Брадобрей прав лишь отчасти, но рассказывать ему, зачем на самом деле нужен лагерь, – слишком большой риск. Вместо этого Роза обводит взглядом комнату и спрашивает:
– Как тебе здесь теперь?
– Жутковато, – отвечает Брадобрей. – Как будто я вернулся во времени, но рядом нет никого, чтобы напомнить, почему я ушел.

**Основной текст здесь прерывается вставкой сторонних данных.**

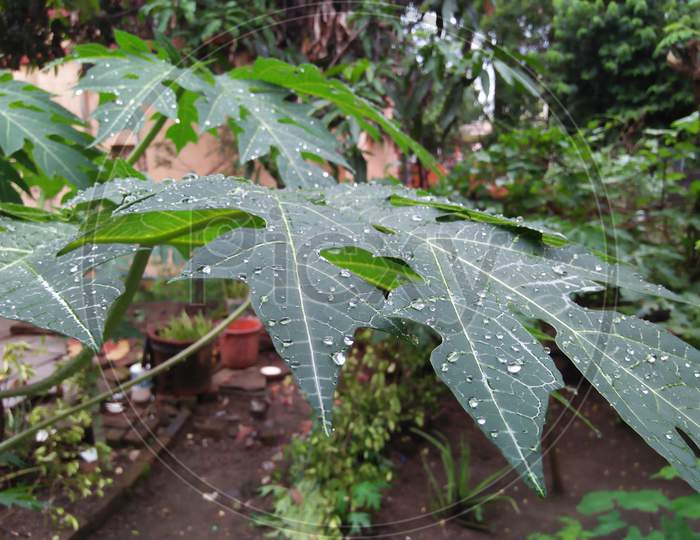 Papaya leaf with rain drop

Огонь доедает последние красные угольки, грозясь перегореть. Брадобрей снимает с кожаного пояса маленький топорик и раскалывает ветку березы для растопки. Бросает щепки в камин и смотрит, как их поглощает пламя.
– У тебя когда-нибудь было чувство, что жизнь, которой ты живешь, не твоя?
Вопрос застает Розу врасплох.
– О чем ты?
– Что все твои действия словно предопределены.
Роза на мгновение задумывается.
– Нет, – пожимает она плечами. – Не совсем. Но мне интересно, получу ли я когда-нибудь то, что хочу.
Брадобрей бросает на нее взгляд:
– А чего ты хочешь?
Всякий раз, когда клиент задает этот вопрос, Роза отвечает то, что он хотел бы услышать: новых впечатлений или познакомиться с таким интересным человеком, как он. Всякий раз, когда это спрашивает кто-то из девушек, она говорит, что ей нужны деньги и кров. Но Брадобрей не просто спрашивает, чего именно она хочет. Он просит описать форму желаемого.